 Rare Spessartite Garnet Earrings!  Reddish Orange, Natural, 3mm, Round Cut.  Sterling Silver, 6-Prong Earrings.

★ ★ ★ ★ ★

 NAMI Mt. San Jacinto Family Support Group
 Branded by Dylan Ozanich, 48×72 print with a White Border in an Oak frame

★ ★ ★ ★ ★

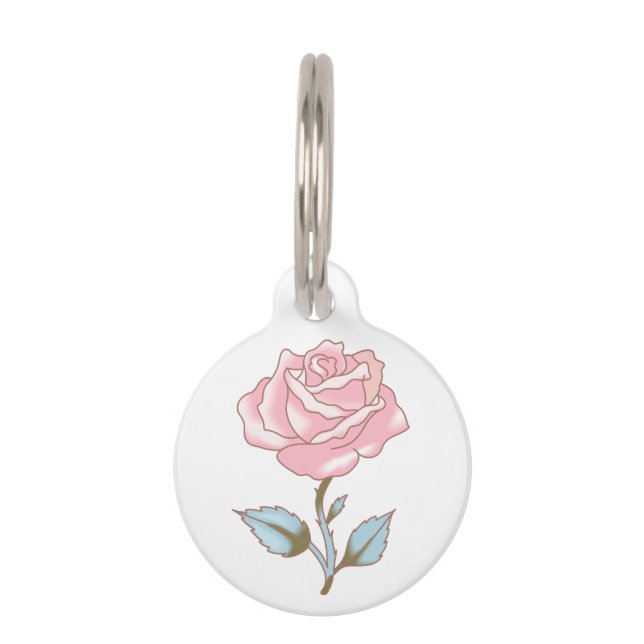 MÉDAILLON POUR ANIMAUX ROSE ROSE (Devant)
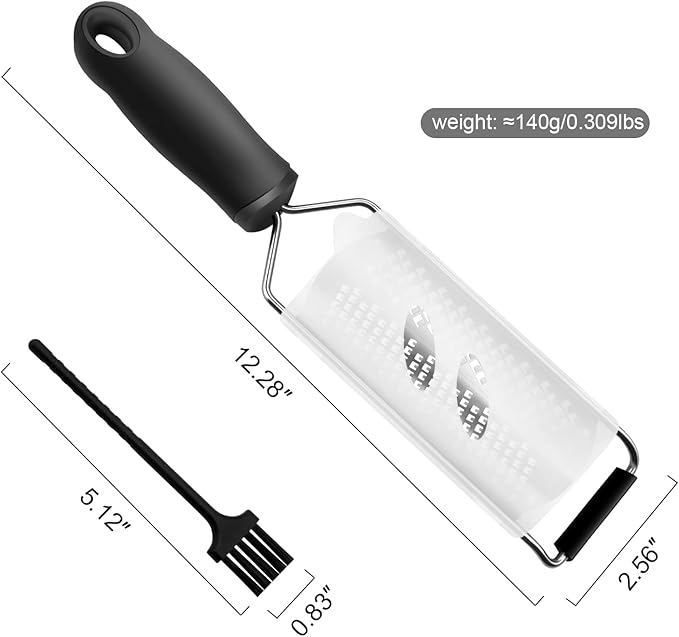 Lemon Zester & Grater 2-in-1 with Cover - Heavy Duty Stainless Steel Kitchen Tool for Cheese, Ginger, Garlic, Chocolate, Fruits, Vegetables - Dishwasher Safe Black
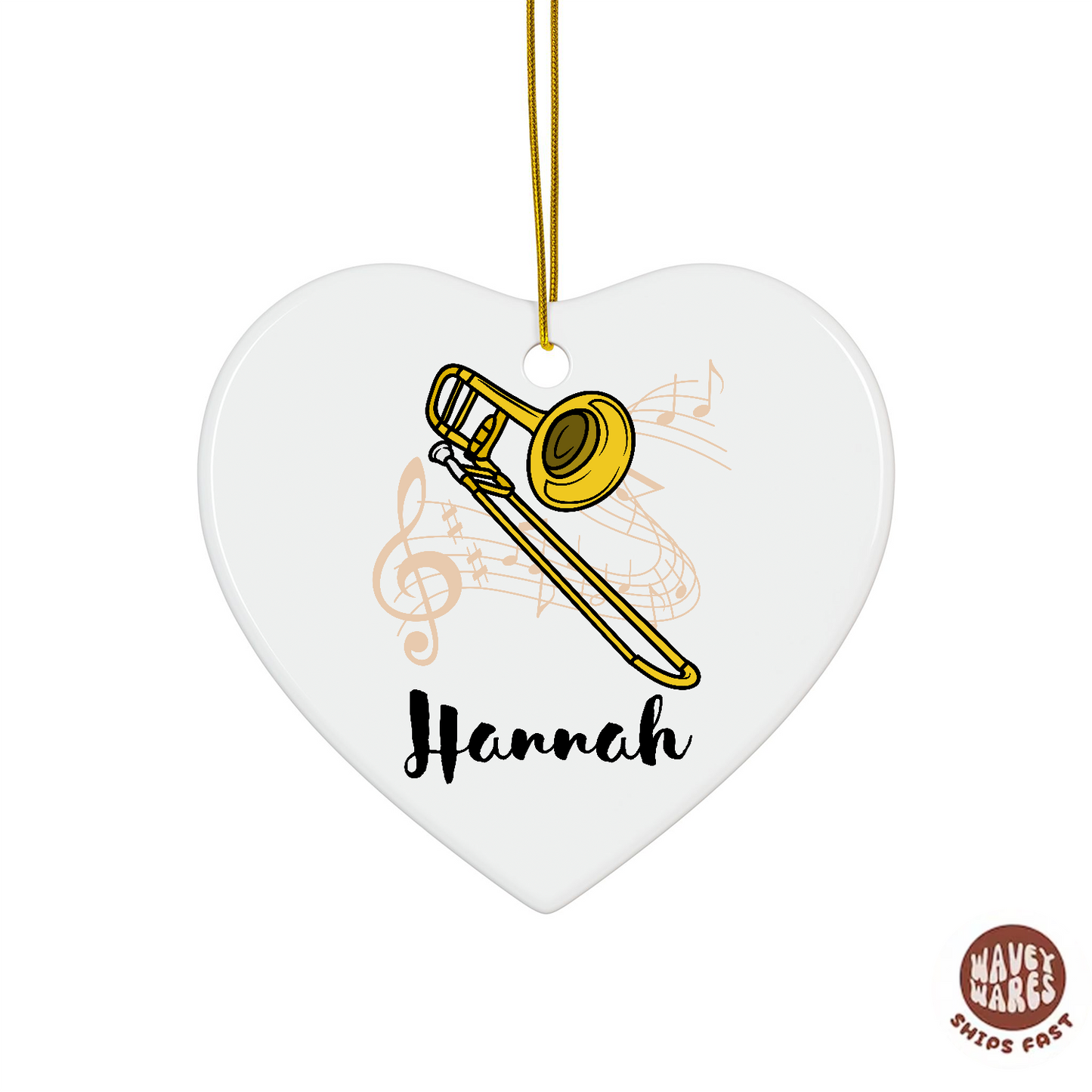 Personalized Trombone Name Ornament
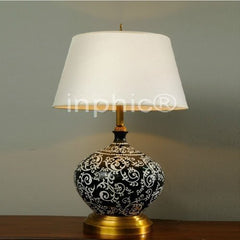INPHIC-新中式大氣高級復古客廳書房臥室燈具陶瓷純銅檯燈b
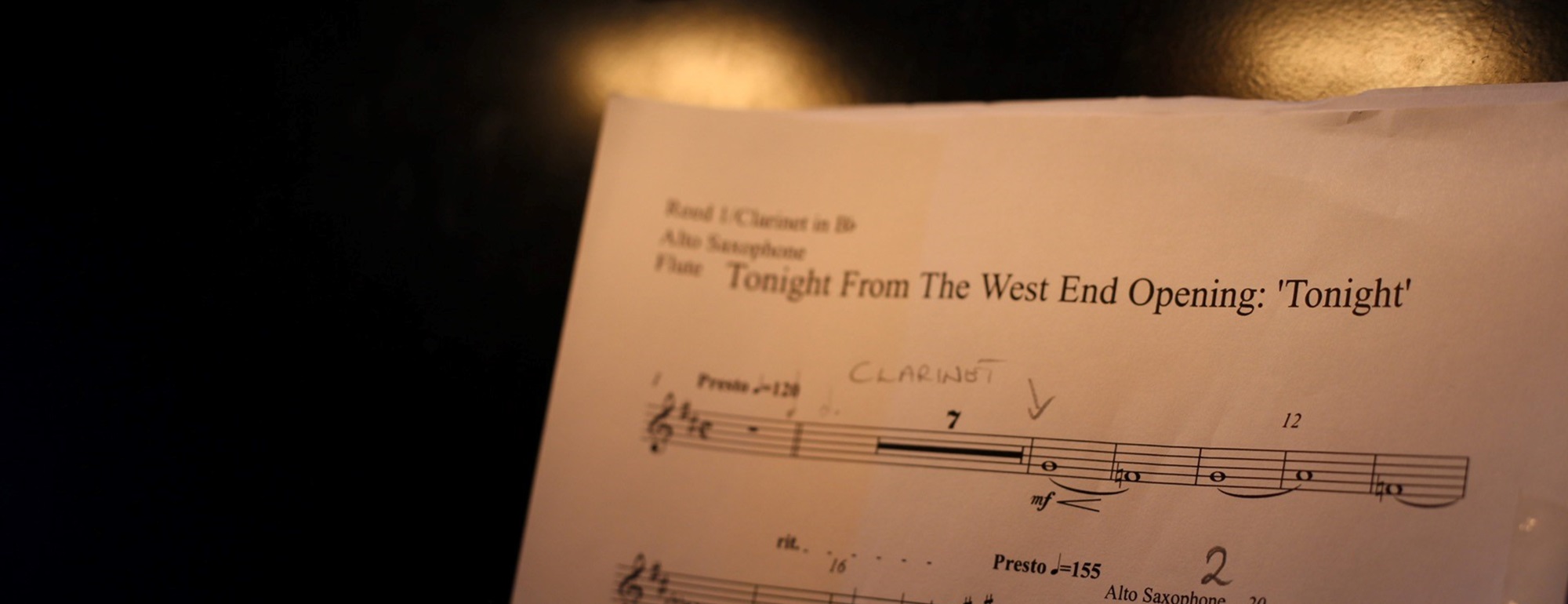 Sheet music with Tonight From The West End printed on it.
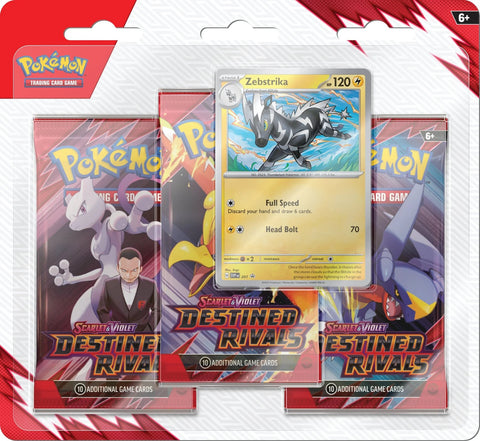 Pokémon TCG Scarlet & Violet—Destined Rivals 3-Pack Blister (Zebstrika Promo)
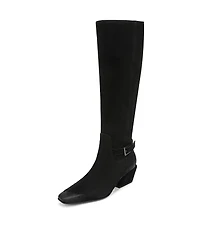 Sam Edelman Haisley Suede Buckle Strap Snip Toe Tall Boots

★ ★ ★ ★ ★

▶ TASK DETAILS
Starting at the line with "Personalized Trombone Name Ornament" and finishing at the line with "Sam Edelman Haisley", copy the material above exactly, both lines included. Nothing else goes in, and no pictures.

▶ ANSWER TO THIS TASK
 Personalized Trombone Name Ornament
INPHIC-新中式大氣高級復古客廳書房臥室燈具陶瓷純銅檯燈b
 Sheet music with Tonight From The West End printed on it.
 Pokémon TCG Scarlet & Violet—Destined Rivals 3-Pack Blister (Zebstrika Promo)
 Sam Edelman Haisley Suede Buckle Strap Snip Toe Tall Boots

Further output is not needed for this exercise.